Beginning with the line that holds "DistroKid Exposed : Terms", please retype each line through the end of the listing below, both ends included, and nothing more.

Data excerpt:
+-------+

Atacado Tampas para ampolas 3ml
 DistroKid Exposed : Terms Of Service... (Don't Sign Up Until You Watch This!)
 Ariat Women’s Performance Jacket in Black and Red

+-------+

Response for this exercise:
 DistroKid Exposed : Terms Of Service... (Don't Sign Up Until You Watch This!)
 Ariat Women’s Performance Jacket in Black and Red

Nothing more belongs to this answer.